I look to possible reasons. Lack of sleep or exercise, tiredness, and a feeling of being overwhelmed could all play a part. There is also the “teeter-totter” effect. When my mood is chipper almost to the breaking point, when everything seems perfect and I laugh harder than I’ve laughed in years…I can expect that the balance will shift, and I’ll want to cry.
I’ve just finished a five-day work cycle. Business has been brisk, and the hardware was a little under-staffed. In addition, I’ve had meetings and interviews, writing, bookkeeping and banking and a dozen other extracurricular activities. I’m tired. I’m behind in everything. I don’t know which task to tackle first. Of course, I can’t sleep!
Two dear friends lost their mother yesterday. I know how devoted these brothers are to their family, and what a wonderful presence their mother was in their lives. Feelings of sympathy combine with empathy, and the loss of my own mother – almost five years ago – is brought right up to the present, as my heart goes out to them.
I had a meeting last evening, with a lively, young and beautiful family. We talked and laughed and exchanged ideas. Their life looks much the way I expected my life to be like when I came here with my family nearly forty years ago. The long list of things that changed the course of those plans could cause anyone a bit of melancholy. Also, as often happens in those circumstances, I shared more personal information than I am comfortable with. I was cringing about that, by the time I got home. Finally, the outcome – though not bad – was not exactly what I’d hoped for. Any of these things could have contributed to my change in mood.

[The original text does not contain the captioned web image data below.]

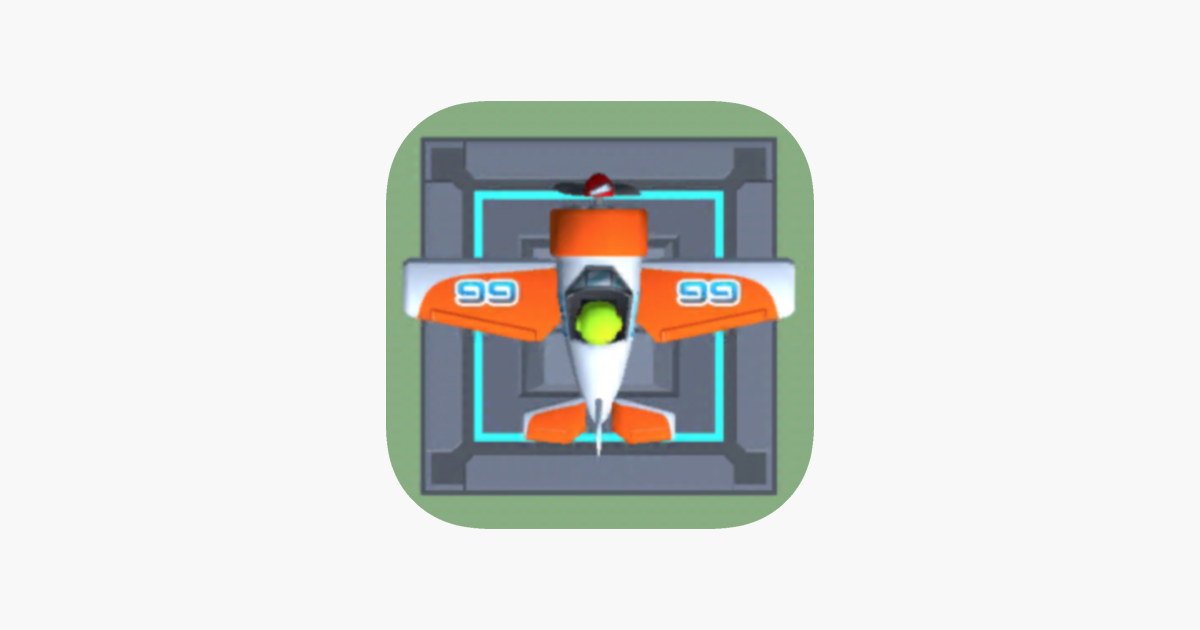 Games like Bomb! Plane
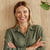 Siobhan P.  's profile picture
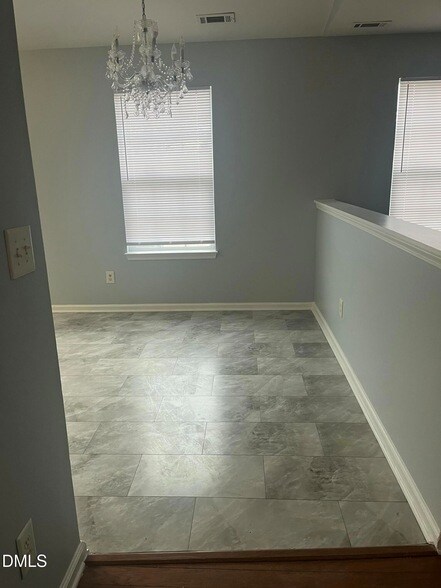 Building Photo - 3610 Jordan Mill Ct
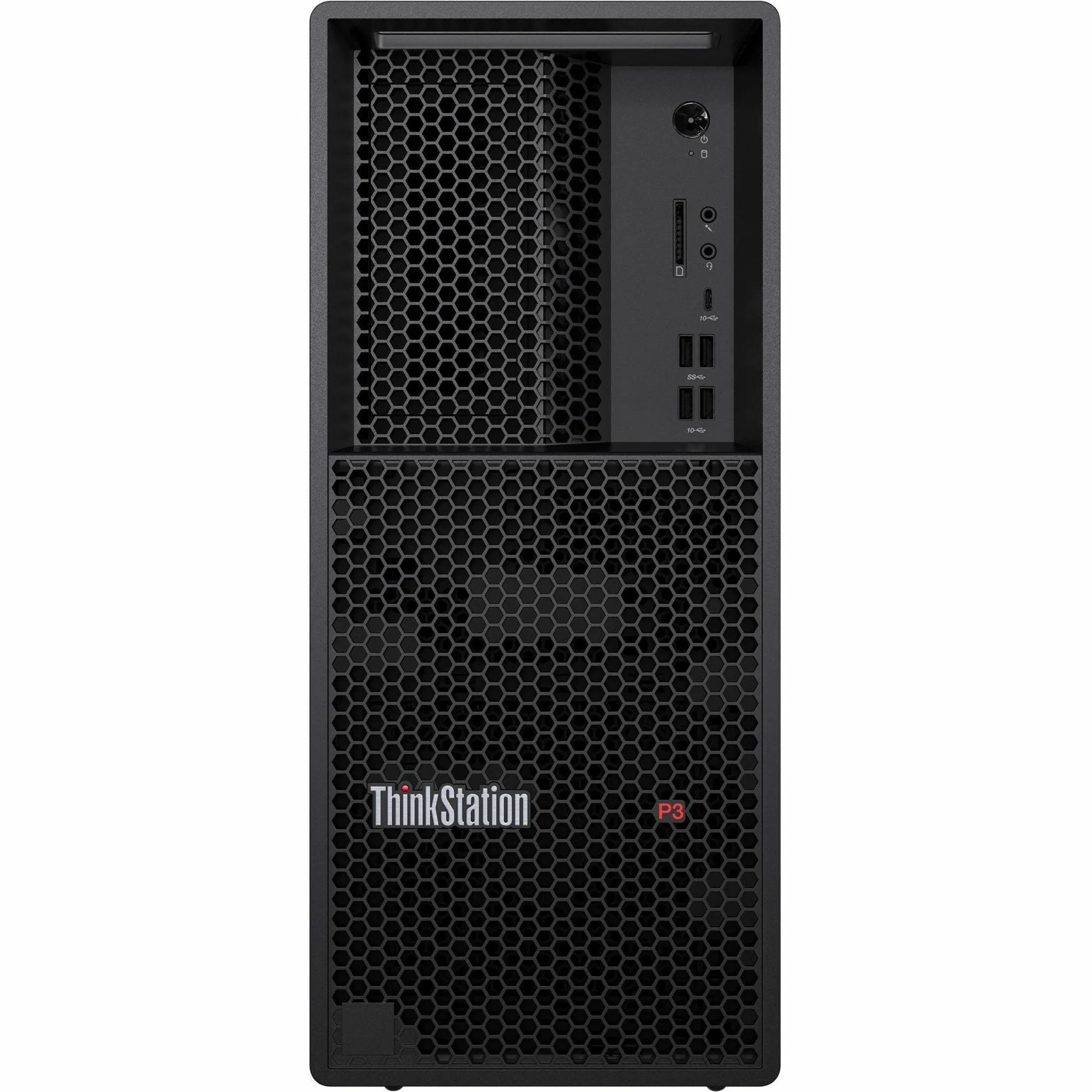 LENOVO-30HT004YUS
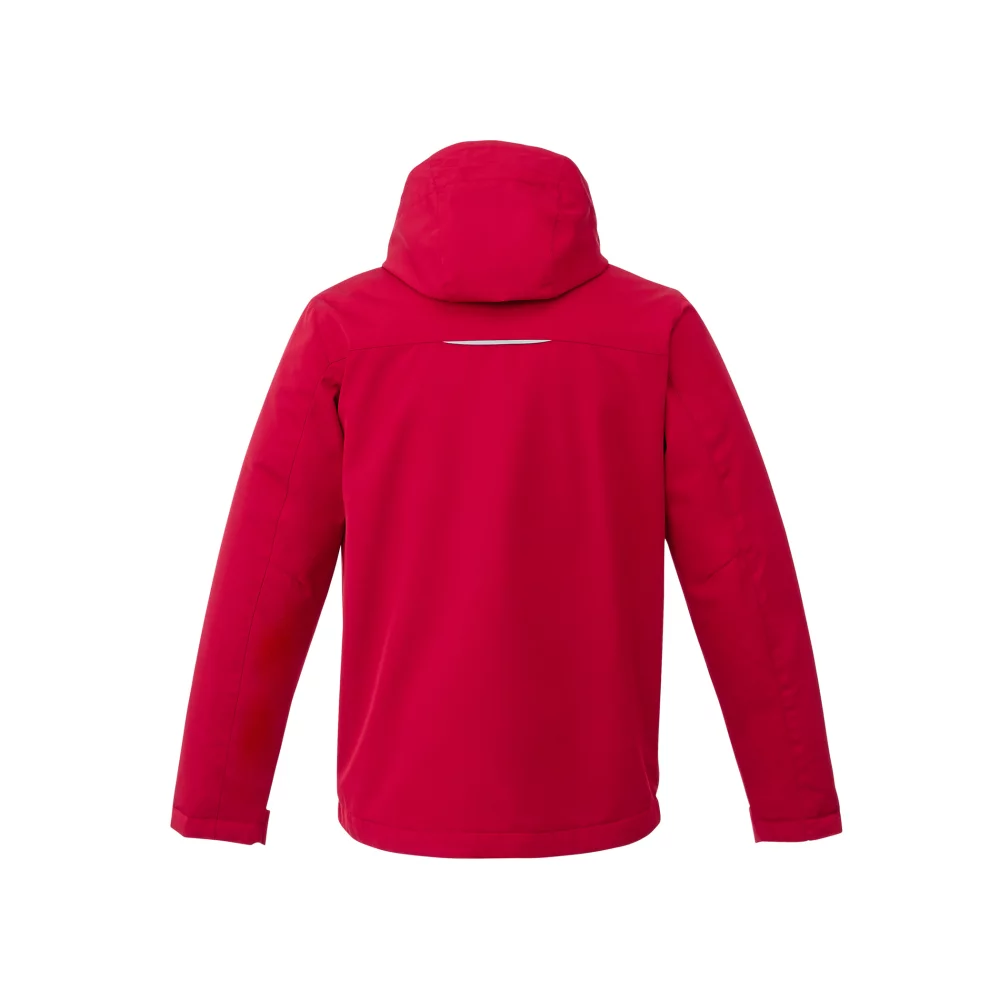 Men's Colton Fleece Lined Jacket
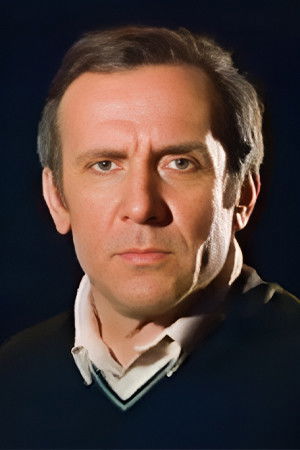 Doğan Bavli photo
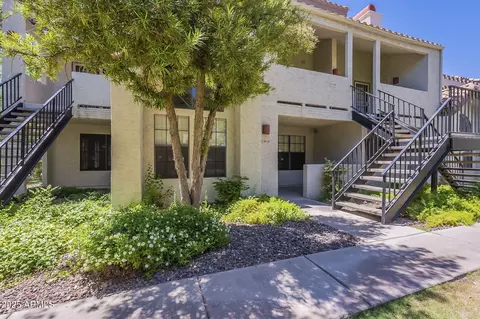 2333 E Southern Ave #1023, Tempe, AZ 85282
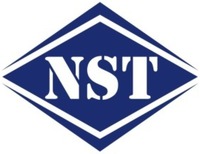 NST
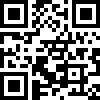 https://khabaronline.ir/xmYsF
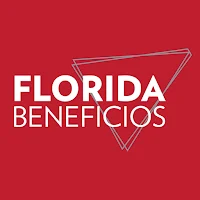 Florida Beneficios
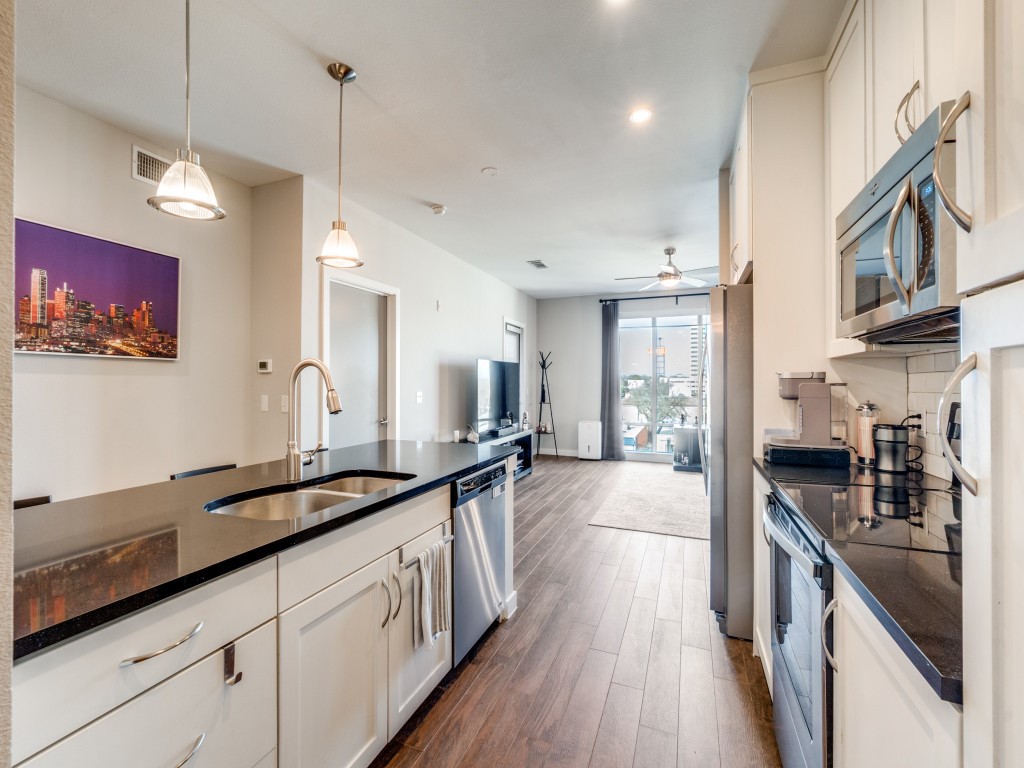 5609 Smu Boulevard Dallas TX 75206
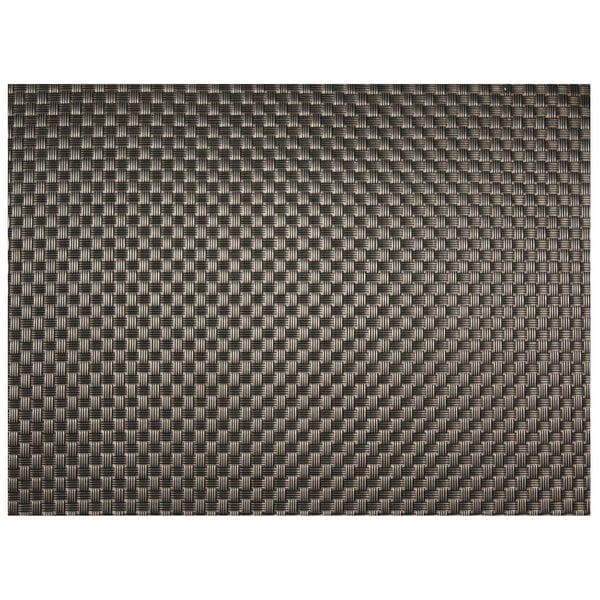 a close up of a white background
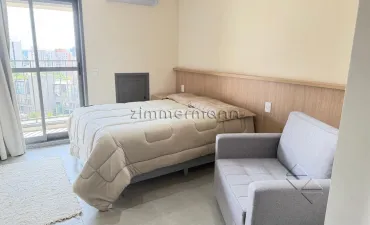 Imagem do imóvel código 288174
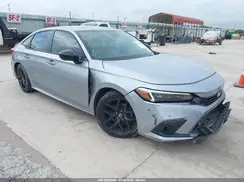 2HGFE2F56RH531918 2024 HONDA CIVIC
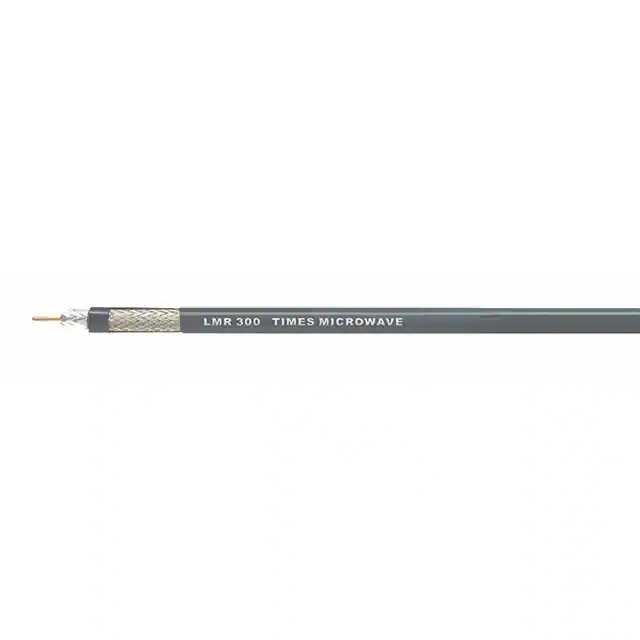 LMR-300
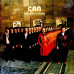 Can – Unlimited Edition (2LP, Album, Reissue, Vinyl) Can – Unlimited Edition (2LP, Album, Reissue, Vinyl)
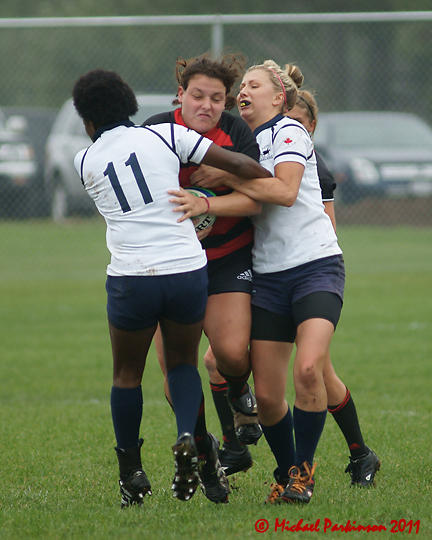 St Lawrence College vs Loyalist 02774 copy.jpg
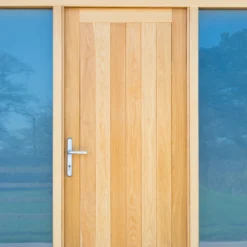 Sadolin Extra Durable ClearCoat Satin Wood Treatment Clear - 2.5L 2 Sadolin Extra Durable ClearCoat Satin Wood Treatment Clear - 2.5L -Sandtex Shop 12839231 1714951406591787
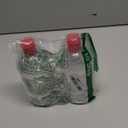 Bioderma - Sensibio - H2O Micellar Water - Makeup Remover Cleanser - Face Cleanser for Sensitive Skin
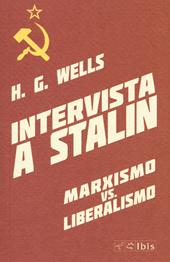 Intervista a Stalin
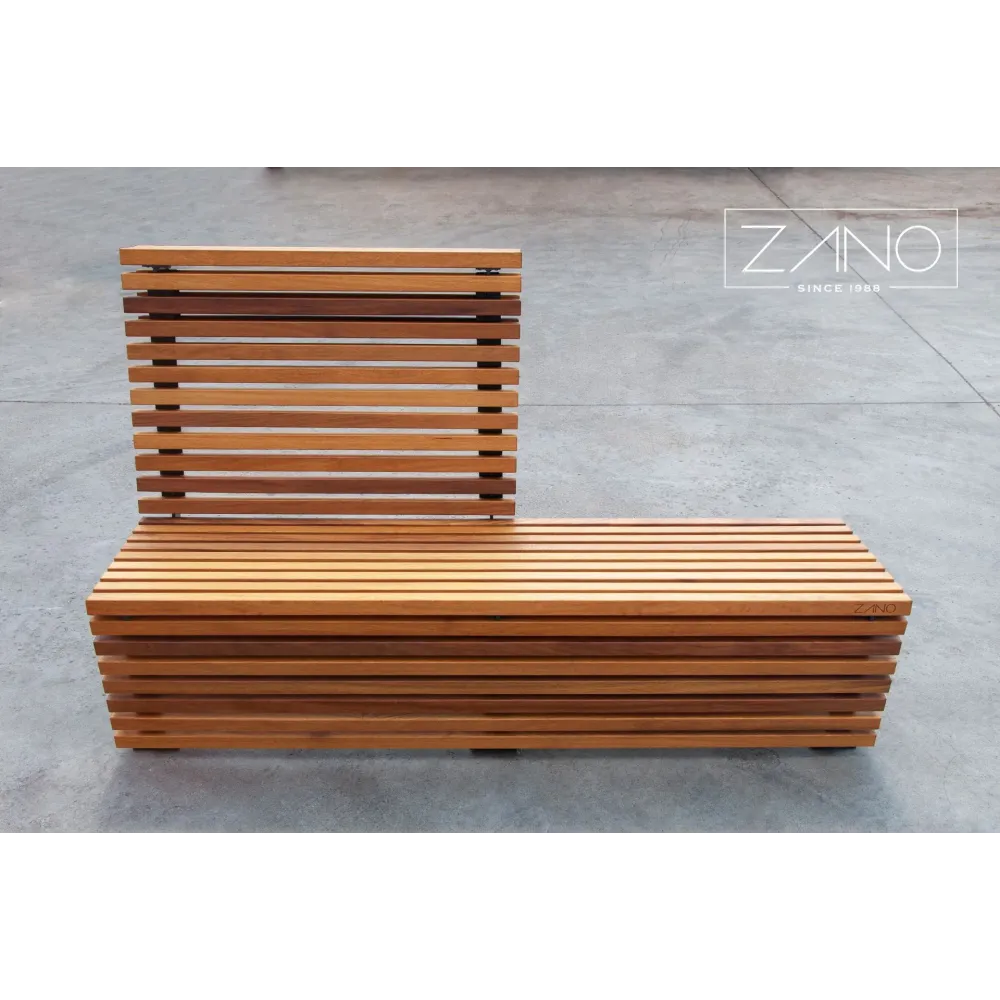 Flash Bench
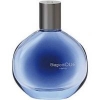 LAURA BIAGIOTTI Due Uomo EDT Tester - 90ml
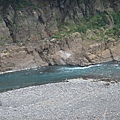 20091102拍攝於巴陵大橋03.jpg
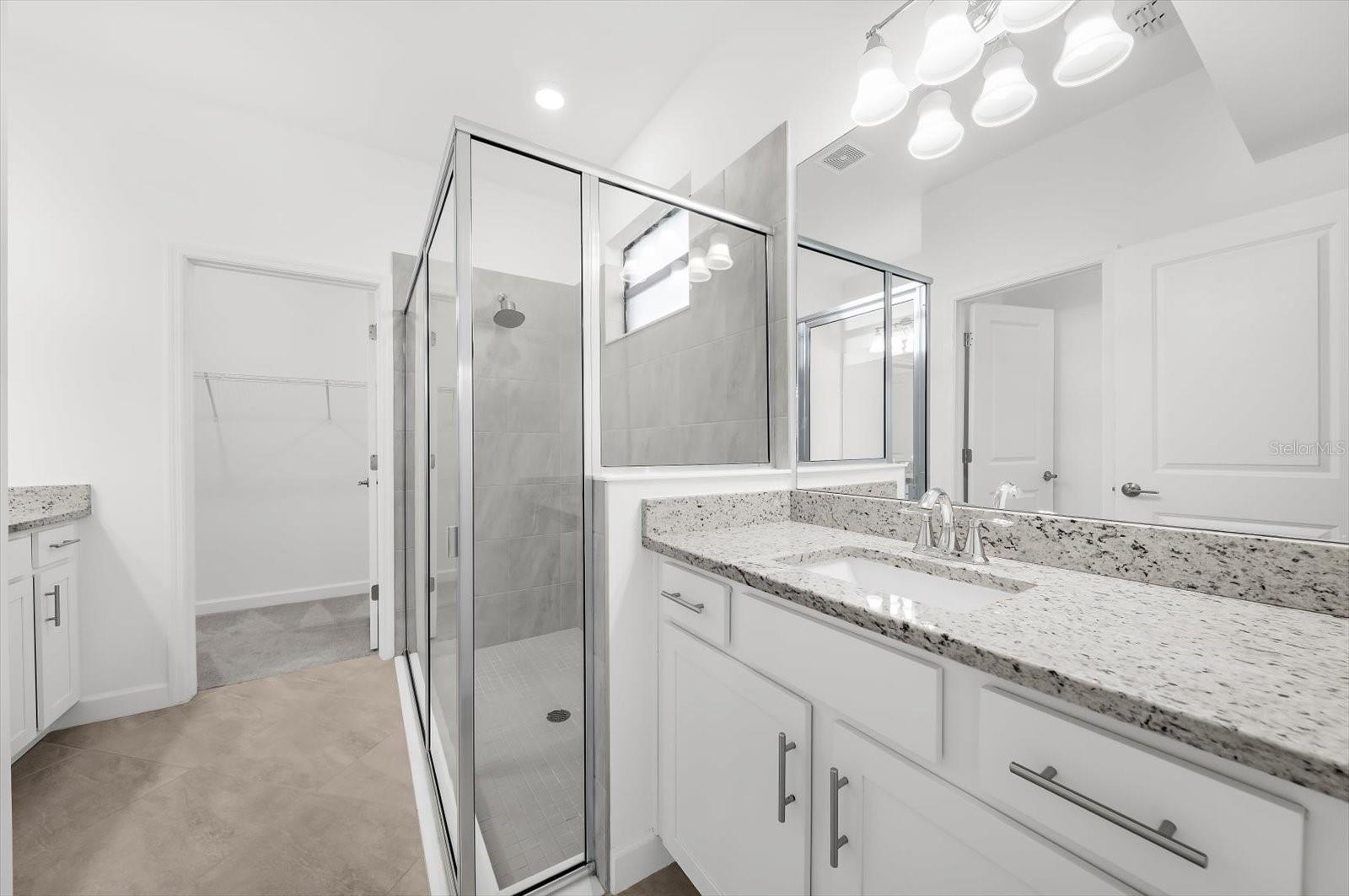 15942 CLEAR SKIES PL — photo 30
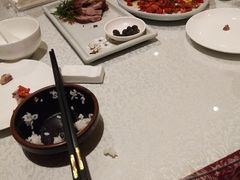 -阿斯牛牛·凉山菜(新会展店)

I know the things to do, to lift the cloud of depression. There are baby steps to help alleviate the feeling of being overwhelmed. I make lists, finish one task, create a plan. There are distractions that sometimes work. At three o’clock this morning, I made a cup of tea and watched a movie. At five o’clock I decided that a few hours of sleep – if sleep would come – would be better than none at all, and I took to the couch.